[Data to use]:
************

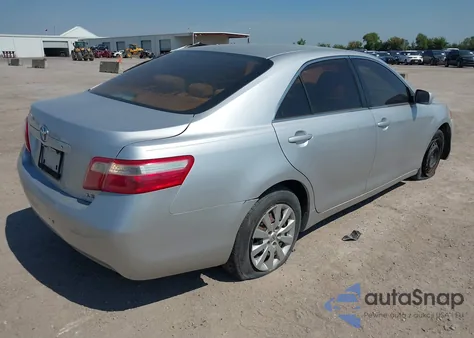 2009 Toyota Camry Le from USA, damaged, VIN 4T1BE46K49U305738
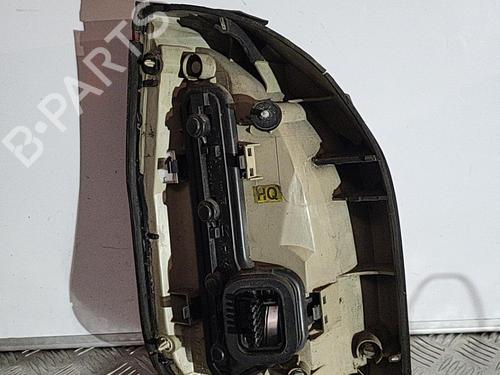 Right taillight OPEL ZAFIRA A MPV (T98) 2.0 DI 16V (F75) | BP21699137C35 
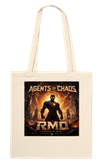 Agents of Chaos (The Album) - Tote bag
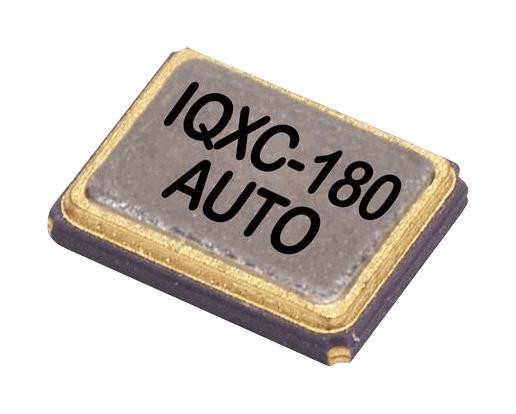 IQD Frequency Products Lfxtal073664 Crystal, 12Mhz, 8Pf/smd 3.2mm X 2.5mm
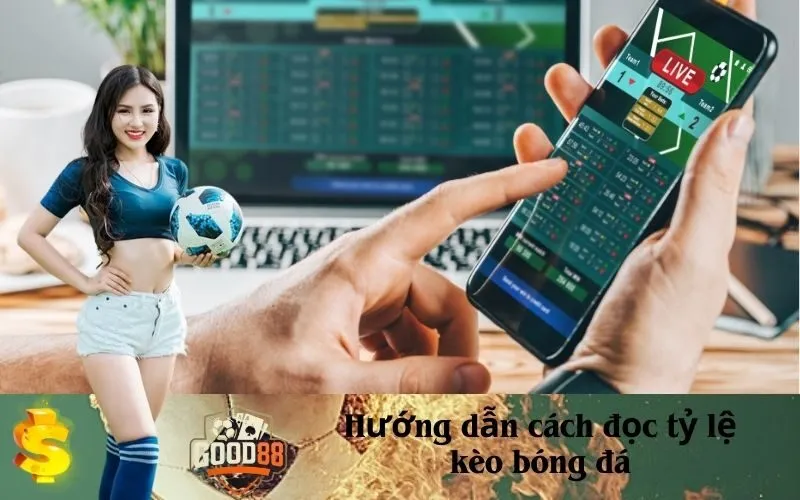 Hướng dẫn cách đọc tỷ lệ kèo bóng đá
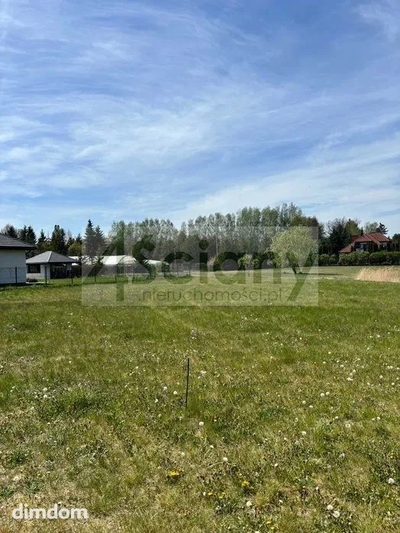 Do sprzedania działka budowlana o powierzchni 1000 m2 w Żółwinie koło Grodziska Maz./Podkowy Leśnej. - 2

************

[Work to complete]: All of the entries need to be copied exactly, minus any pictures.

[Response to the exercise]:
 2009 Toyota Camry Le from USA, damaged, VIN 4T1BE46K49U305738
 Right taillight OPEL ZAFIRA A MPV (T98) 2.0 DI 16V (F75) | BP21699137C35 
 Agents of Chaos (The Album) - Tote bag
 IQD Frequency Products Lfxtal073664 Crystal, 12Mhz, 8Pf/smd 3.2mm X 2.5mm
 Hướng dẫn cách đọc tỷ lệ kèo bóng đá
 Do sprzedania działka budowlana o powierzchni 1000 m2 w Żółwinie koło Grodziska Maz./Podkowy Leśnej. - 2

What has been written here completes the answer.